The disciples are thick-headed, of course. Or at least that seems to be the impression Mark wants to leave with us as he portrays their conversation with Jesus now. I mean, can there be any other reasonable explanation for the content of their conversation immediately in the wake of Jesus’ harrowing description of what following him entails? We shake our heads in confusion or disbelief at their seemingly silly argument. And then we look again and we see ourselves mirrored back, don’t we?
For this is so. Much of life as we live it now can be experienced as competition as to “who is best.” Or at least “better.” For instance, we are in the midst of a baseball pennant race here in Chicago. I have good friends and family members who would prefer to see the Milwaukee Brewers best the Chicago Cubs and even between people who love each other, the banter can sometimes get a little edgy. It seems that competition is bred into us from the very start in classrooms and workplaces, in neighborhoods and families. We measure ourselves over and against one another as we seek to discern our place in the whole scheme of things.
Indeed, just last night I accepted the invitation to attend the annual “First National Challenge” between neighboring high school rivals DeKalb and Sycamore. This yearly contest is staged on the football field of Northern Illinois University so as to give neither team the home field advantage. (It also serves as a wonderful opportunity to raise significant money for both schools’ athletic programs.) And yes, the loyalties run deep as year after year young people (and highly invested parents and alumni) vie for the privilege of saying their team won this year. To say they are the ‘greatest.’ It turns out DeKalb will enjoy that privilege for the coming months.

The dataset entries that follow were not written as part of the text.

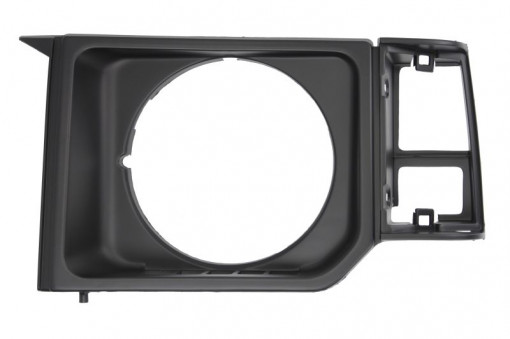 Rama faruri stanga, MITSUBISHI PAJERO I intre 1982-1991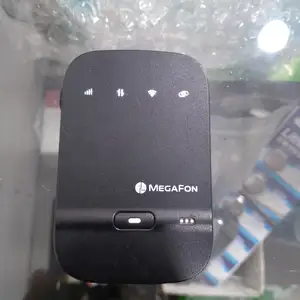 Роутер 4G WiFi Megafon mr150-6, Душанбе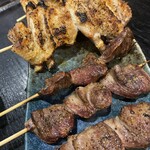 二代目串信玄  - 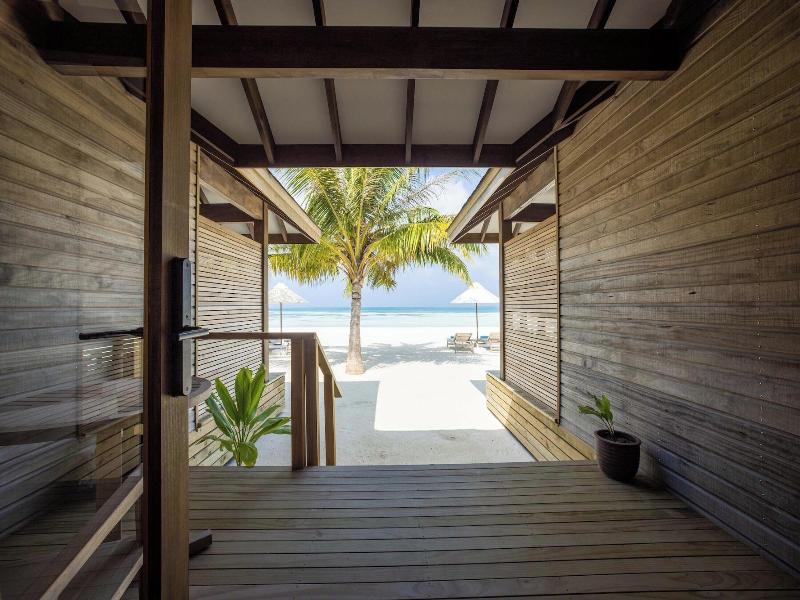 Jawakara Islands Maldives - Oda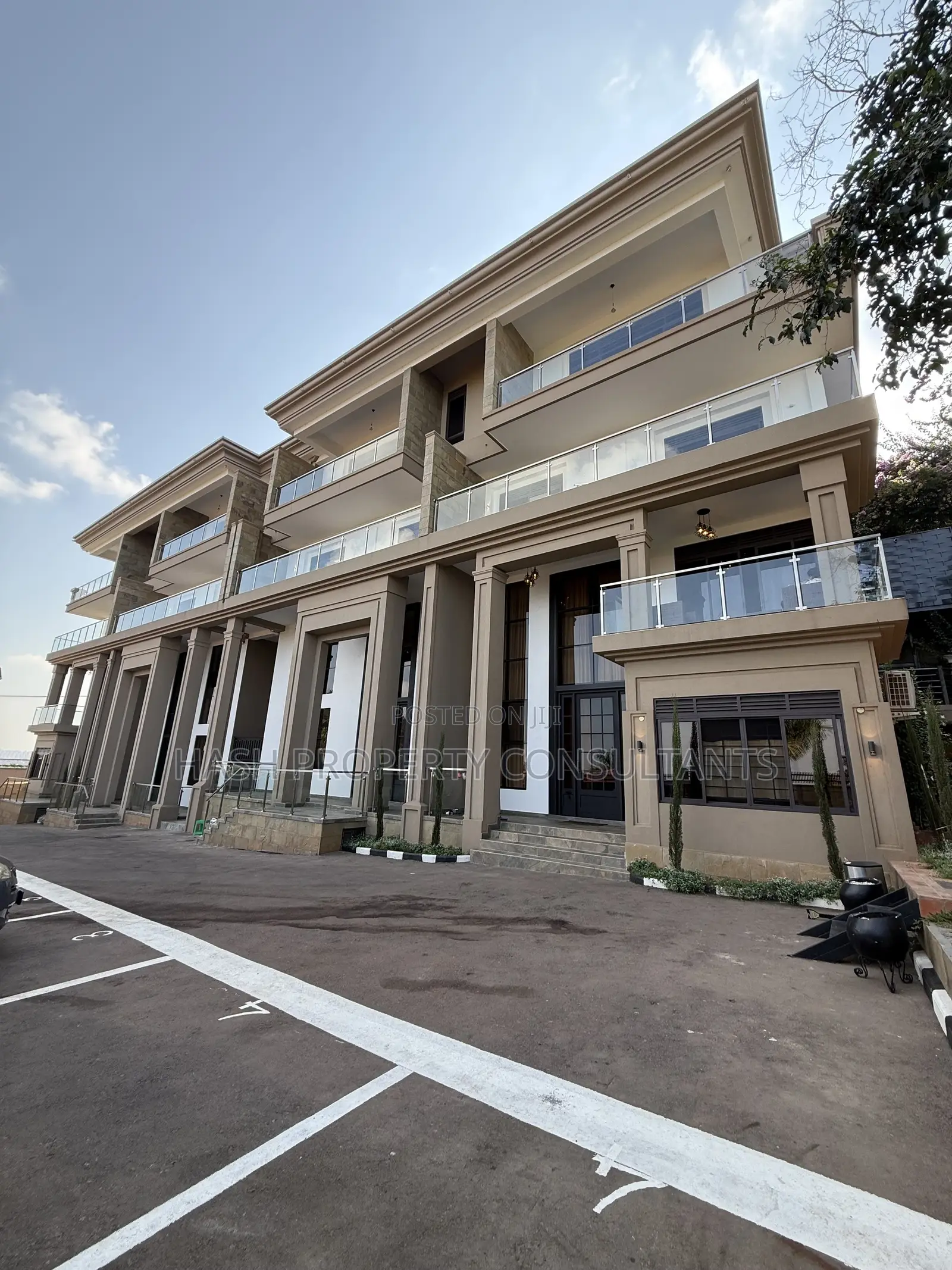4bdrm Duplex in Lubowa, Central Division for rent in Central Division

Only this is so. As I opened today’s paper to read the commentary on the game, another headline jumped out saying that this may be the last such contest for a while. It seems that conferences are being redrawn and that Sycamore and DeKalb may not be in the same conference in the coming years. Sycamore has already been accepted into another conference, but DeKalb has not yet found a ‘home’ — presumably because conferences hesitate to accept new member schools who might beat them. (Not so different, it seems to me, from that which plagues our nation in terms of gerrymandering — where lines are drawn to ensure the continued victories of those already in power!) We want to be ‘best,’ don’t we? We want to be seen as ‘greatest’ even at the expense of a truly fair contest. And in so doing, what matters most often gets traded for the false and hollow victories accompanied by ribbons which fade and trophies which gather dust in attic boxes.

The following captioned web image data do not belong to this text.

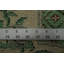 Tapis turc oriental classique délavé 4 x 7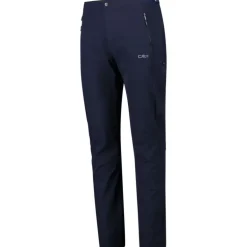 CMPLong Pant - Pantalon softshell homme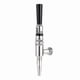 thumbnail image 1 of Stout Beer And Coffee Faucet Stainless Steel Nitrogen Tank Ventilation Faucet, 1 of 5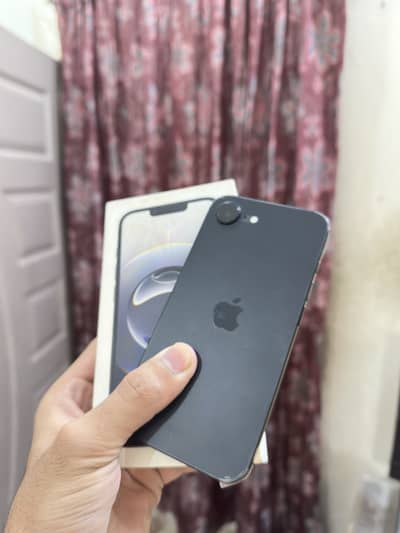 iphone 16e Brand New With Box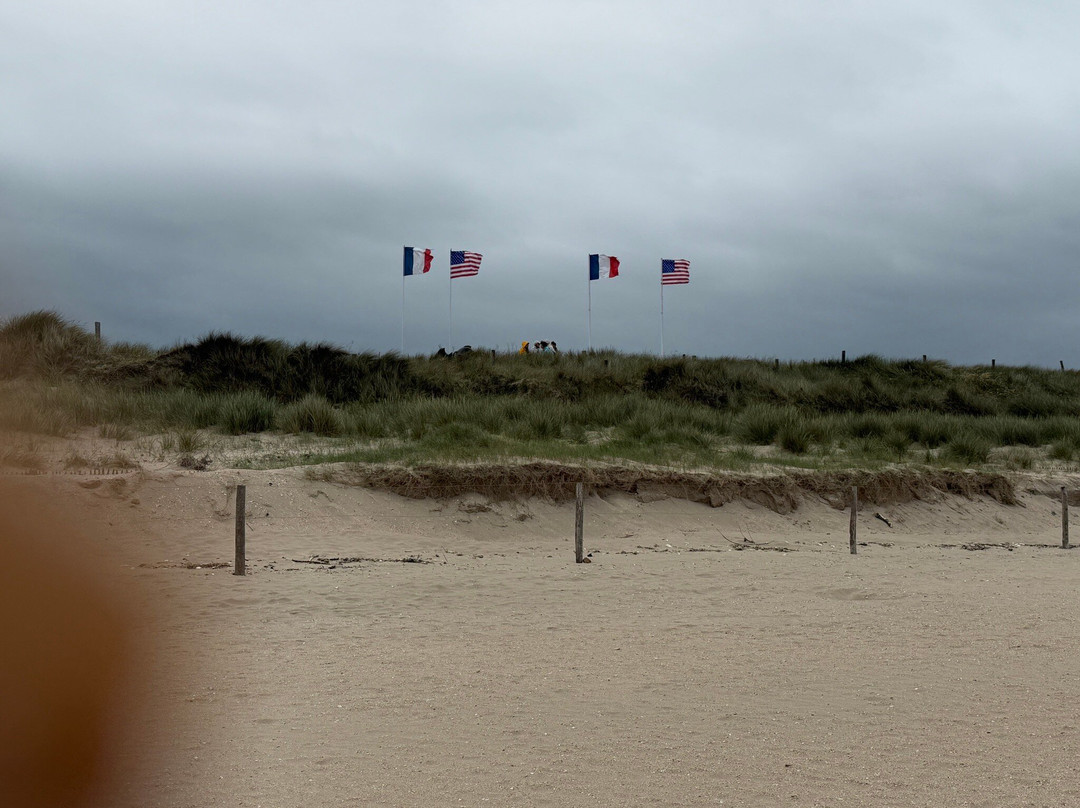 Normandy44 Tours-巴约必去景点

So it was that Friday night I attended the game. Except I only went to the sophomore game and only part of it at that. Such competitions are exhilarating, and they do invite those who participate to stretch and grow. I enjoy them. I left early, though, because I had somewhere else I also wanted to be.
Perhaps it is in your community as well: The Children’s Community Theater Penguin Project. I try to make it a priority to go every year, whether I know someone in the production or not. For this is how it works. Children and young people with disabilities are the stars of the show. They are accompanied by same-age mentors who, for the most part, fade into the background on the stage, but as needed will prompt a forgotten line, guide a young woman who is blind, push the wheel chair of another, and through it all support the show with their voices raised in song. It is simply beautiful. And it is not something that happens overnight. Rather, for months these children work together under the direction of dedicated and talented adults to bring the community a production which will make you laugh and leave you in tears. Here is what stays with me now: unlike what we experience in most of the world, this is not about competition, except to help one another do a little better. And everyone, actor, mentor, and audience member alike leaves sensing they have been part of something that matters: something that could well change the world.
It was a night of contrasts for me and one that brought me a little bit closer to seeing and understanding the intent of this week’s Gospel lesson. For just as was so with the disciples so long ago, competition can tend to drive us and at its worst it can well drive us apart. Jesus calls us to another way, surely with his lived example and also with his words.
So back to that football game between DeKalb and Sycamore. Unlike the usual venue for such a contest, the Northern Illinois University Stadium is huge. Its capacity to seat fans is far greater than even the number of spectators this storied rivalry draws. For this reason, I expect, the practice is for all the fans to sit on the same side of the stadium, not across from one another as would normally be the case. And while the spectators tend to cluster with those of like-minded loyalty, still, they share the same view and of necessity cross paths as they find their seats or go to the concession stand. There is an ‘all in this together’ feeling in the stands as those who watch encounter people they work with or worship with or exercise with from both communities and who playfully greet one another on their way.
And that surely is at least part of Jesus’ point today. Those disciples are ‘all in this together,’ even as are you and I, regardless of where we come from or where we are going. No, it is not about ‘who is greatest.’ Except to say that Jesus was just that, and we know his way of living that ‘greatness’ was radically different from what the world normally measures as ‘great.’ No, it is not about who among us ‘is greatest.’ Indeed, it never really was.
- What do you make of the disciples’ argument ‘on the way’ today? How and where do you see us reflected in them today?
- What examples in the world do you see of being ‘last of all and servant of all’ as Jesus was and is? How does that help you understand the scene before us today?
- How might living in the way Jesus calls us to today just change the world? How have you seen this to be so?